Tuesday, November 19, 2013

Did OSU Researchers Solve the Cocktail Party Problem?

Potential Speech Recognition Breakthrough?

There is incredible news coming out of Ohio State University. Speech recognition researchers claim to be able to pick out a particular speech sound from a sound track mixed with random noise and/or other speech sounds using a deep neural network. I have my doubts about the claims but, if this is true, it would mean that they have solved a major part of the perceptual learning puzzle: the ability to focus on one thing while ignoring others. If true, it would be the biggest single breakthrough in the history of artificial intelligence research, in my opinion. That being said, I will reserve judgement until I know more about the details of the research.

7 comments:

Bill said...

Pretty sure this has already been solved. Andrew Ng from Stanford/Google talks about the cocktail party problem in his intro class on Unsupervised ML. Check out this Coursera lecture around 5:23:

http://www.youtube.com/watch?v=5km0Tx9OcIo&t=5m23s

Louis Savain said...

Bill,

Thanks for the link. Using multiple microphones is indeed a known method for solving this problem but it's a purely mathematical approach that detects differences in signal volumes between the two tracks. The OSU researchers claim to be using a neural network to process a single monaural sound track and this is what makes it amazing. Humans are pretty good at focusing on a single voice even when the sound is coming from a single source such as a TV or a radio speaker.

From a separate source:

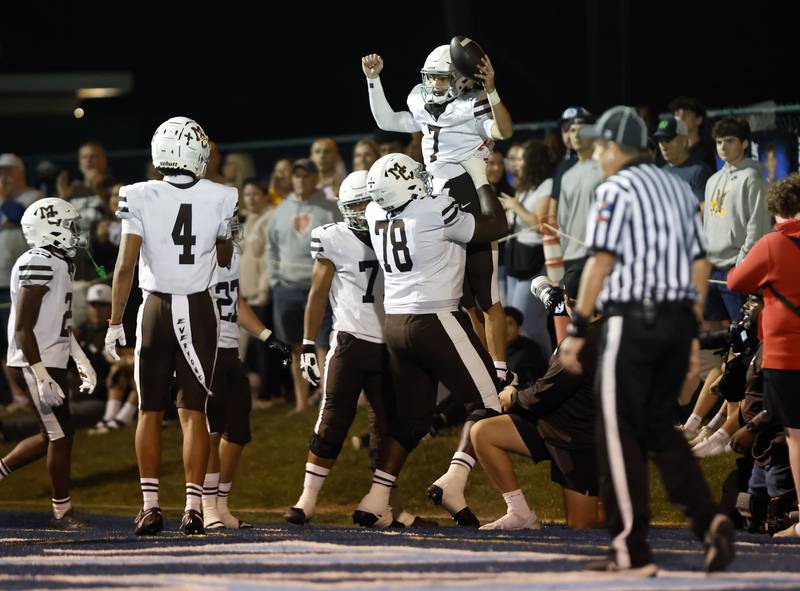 Mt. Carmel's Emmett Dowling (7) is lifted in celebration by Claude Mpouma (78) after scoring a touchdown during the varsity football game between Mt. Carmel high school and Nazareth Academy on Friday, Sept. 12, 2025 in La Grange Park, IL.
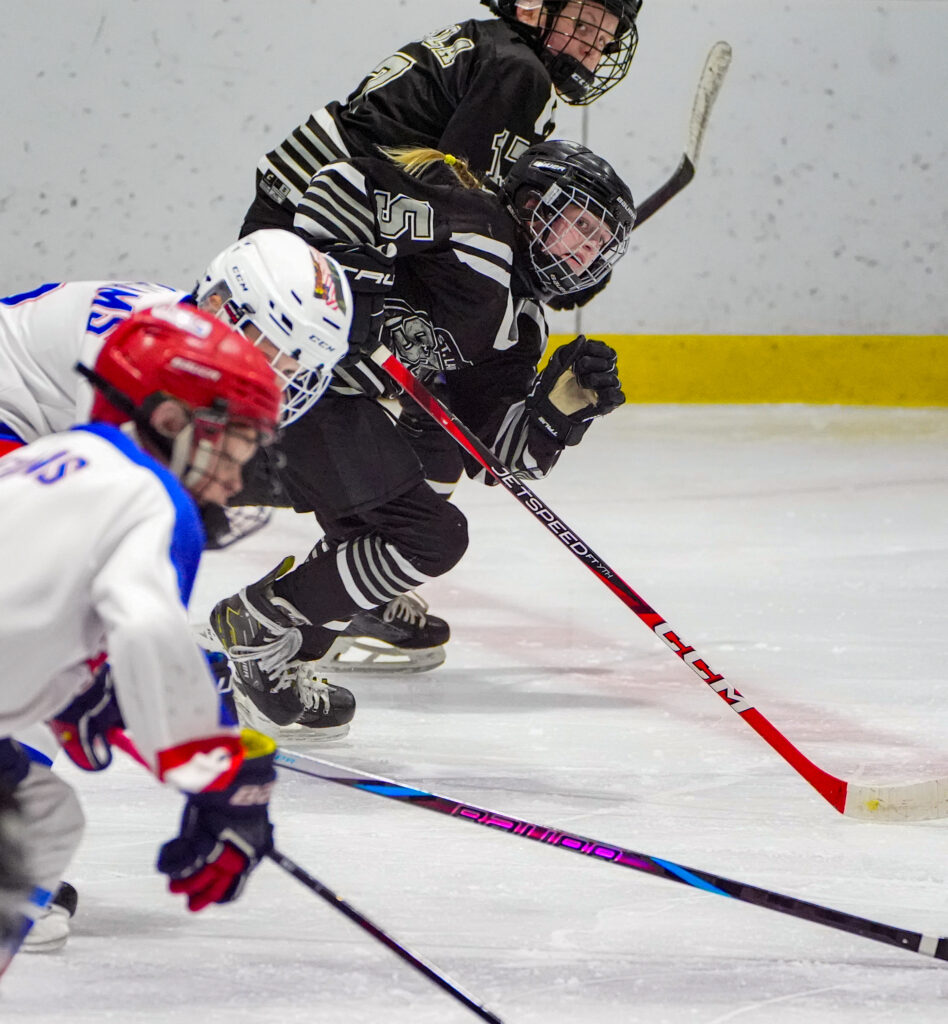 Two athletes competing field hockey with helmet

What's even more amazing with the OSU announcement is that their technology seems to be at least an order of magnitude better than the human brain. I'm pretty sure there is something they are not telling us.

Bill said...

Here is the OSU paper. I'm reading it now:

http://www.cse.ohio-state.edu/~wangyuxu/papers/Wang-Wang.NIPS12.pdf

Bill said...

BTW, humans use two "microphones" called ears! ;-)

Louis Savain said...

Yeah, there is no question that having two ears helps a lot in real world situations but it does not help if you're listening to a mono recording of a conversation with overlapping voices and background noises. The human brain is still pretty good at focusing on one voice (or any particular sound source) at a time in such situations. Current state of the art recognizers get totally confused.

Bill said...

Good point. What did you think of the paper?

Louis Savain said...

Bill, after reading just the introduction and the conclusion (I refuse to wade through the math) of their paper, I now think they're faking it to a great extent. I don't believe that the demo they released contained actual speech sounds in the background but unintelligible speech sounding noises. It is possible to use a predictive algorithm to discern between gobbledygook and actual speech that is predictable.

If I'm right, they will definitely get some flak for this. Although I don't think they have a true cocktail party breakthrough, I think their technology will still be very useful for noise reduction in hearing aids and smartphones.